*Aim of the exercise*
Please copy exactly the part of the records below that opens with the line containing "onkruid in speeltuintjes 2" and closes with the line containing "Which Dog Leash", leaving out any pictures.

*Short descriptive text snippets*
######

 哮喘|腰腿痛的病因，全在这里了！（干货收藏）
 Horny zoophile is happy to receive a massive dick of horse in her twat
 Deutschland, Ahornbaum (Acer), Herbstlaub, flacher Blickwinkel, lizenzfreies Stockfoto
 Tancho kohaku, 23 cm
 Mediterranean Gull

######

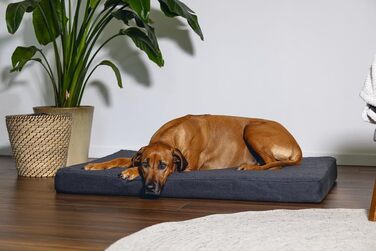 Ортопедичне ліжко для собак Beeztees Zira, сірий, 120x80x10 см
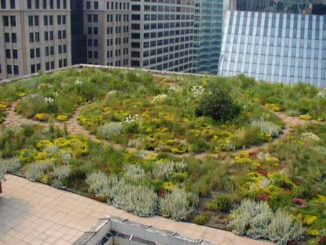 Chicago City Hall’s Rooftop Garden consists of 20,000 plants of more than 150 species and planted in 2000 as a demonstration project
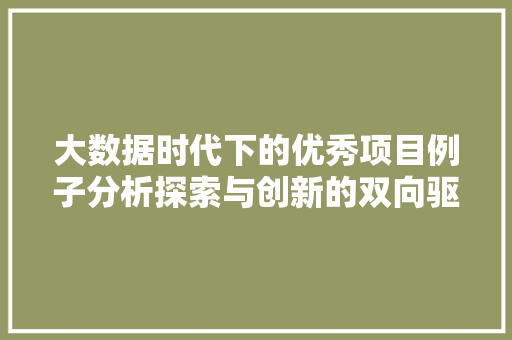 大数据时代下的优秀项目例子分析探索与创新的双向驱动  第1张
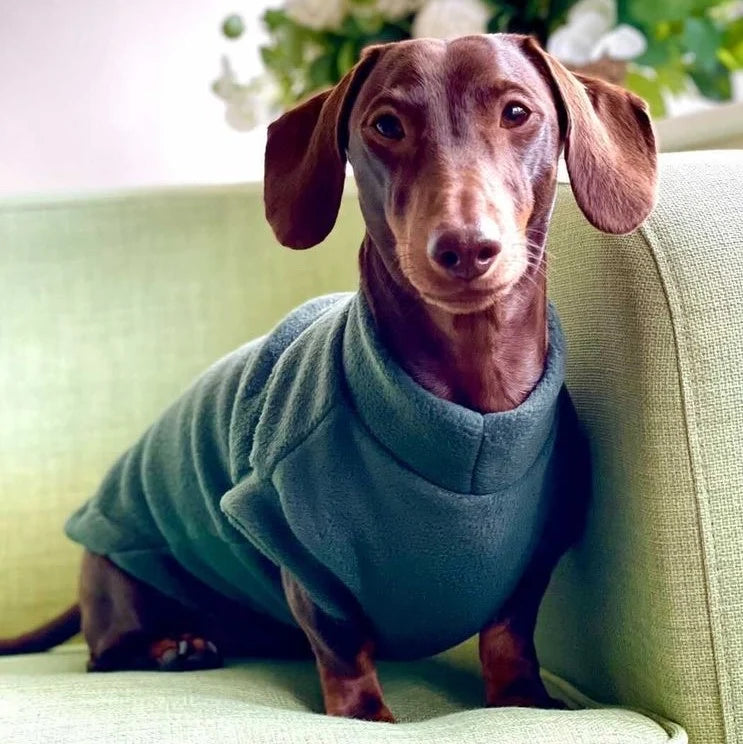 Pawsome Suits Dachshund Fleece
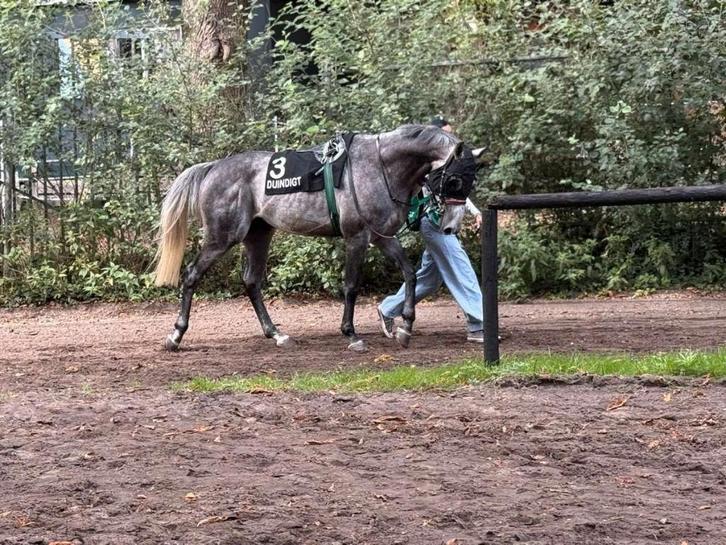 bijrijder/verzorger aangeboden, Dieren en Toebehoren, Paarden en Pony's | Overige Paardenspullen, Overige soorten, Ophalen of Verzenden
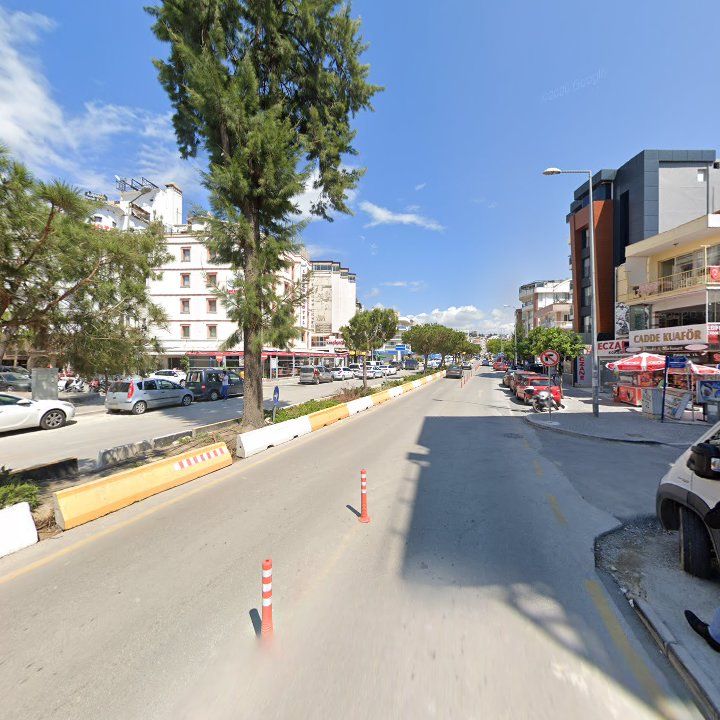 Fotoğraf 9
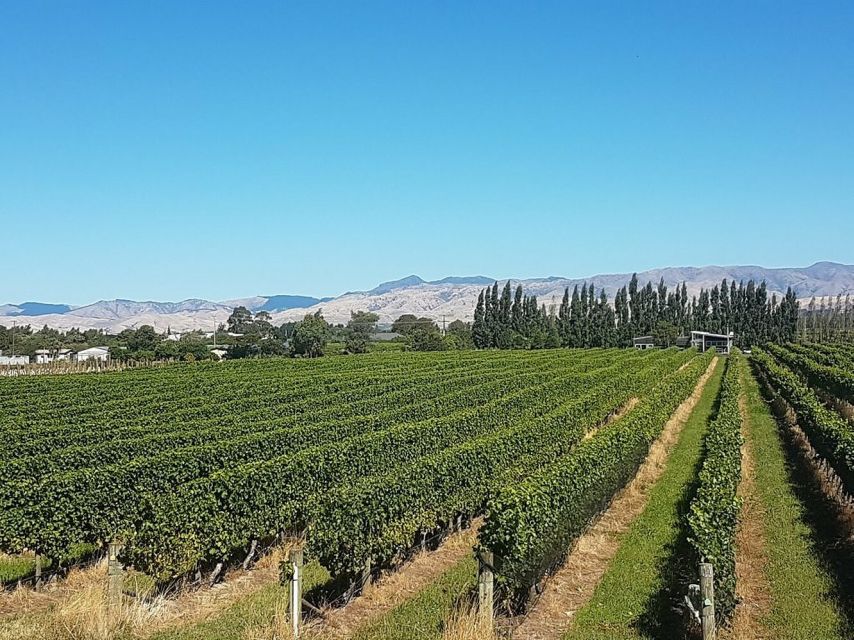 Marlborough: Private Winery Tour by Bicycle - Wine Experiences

######

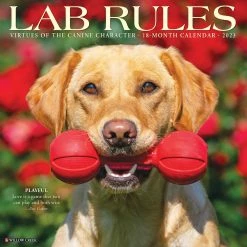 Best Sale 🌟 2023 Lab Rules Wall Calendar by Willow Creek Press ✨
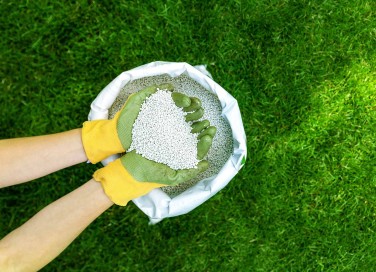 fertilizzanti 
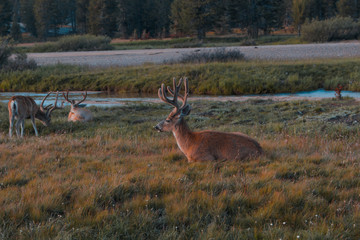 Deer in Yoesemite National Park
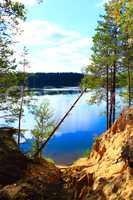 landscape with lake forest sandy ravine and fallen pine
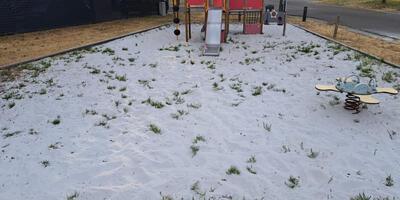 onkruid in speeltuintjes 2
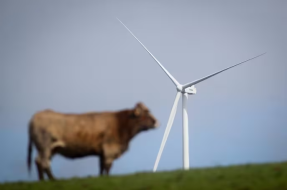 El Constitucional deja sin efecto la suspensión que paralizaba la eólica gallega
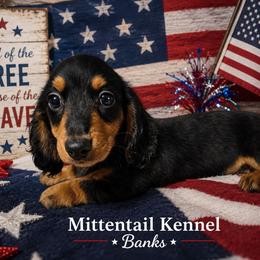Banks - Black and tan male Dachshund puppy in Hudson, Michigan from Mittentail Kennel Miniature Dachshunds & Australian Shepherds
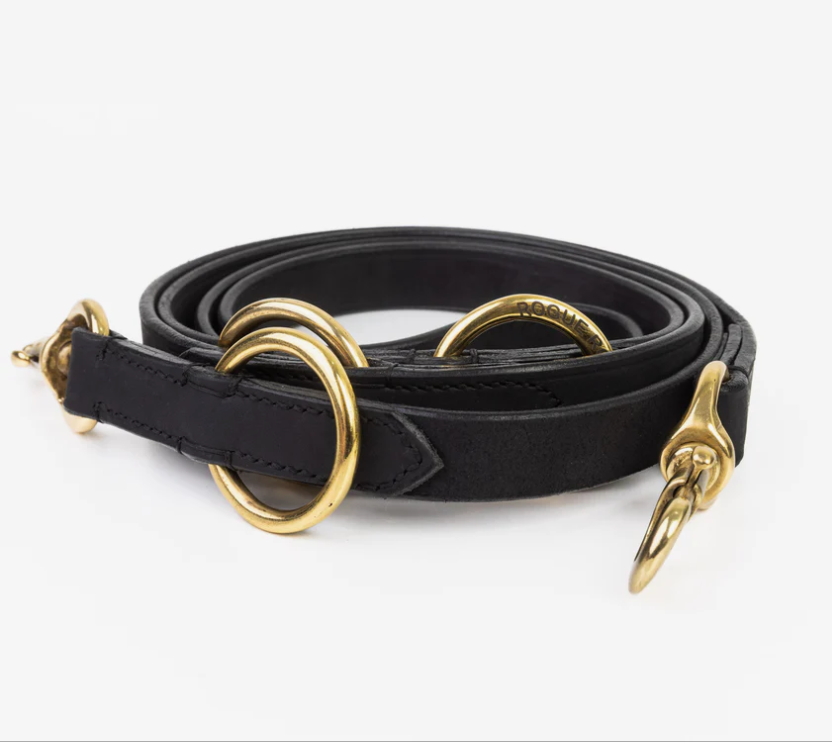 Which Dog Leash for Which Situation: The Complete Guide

######

*Written solution*
 onkruid in speeltuintjes 2
 El Constitucional deja sin efecto la suspensión que paralizaba la eólica gallega
Banks - Black and tan male Dachshund puppy in Hudson, Michigan from Mittentail Kennel Miniature Dachshunds & Australian Shepherds
 Which Dog Leash for Which Situation: The Complete Guide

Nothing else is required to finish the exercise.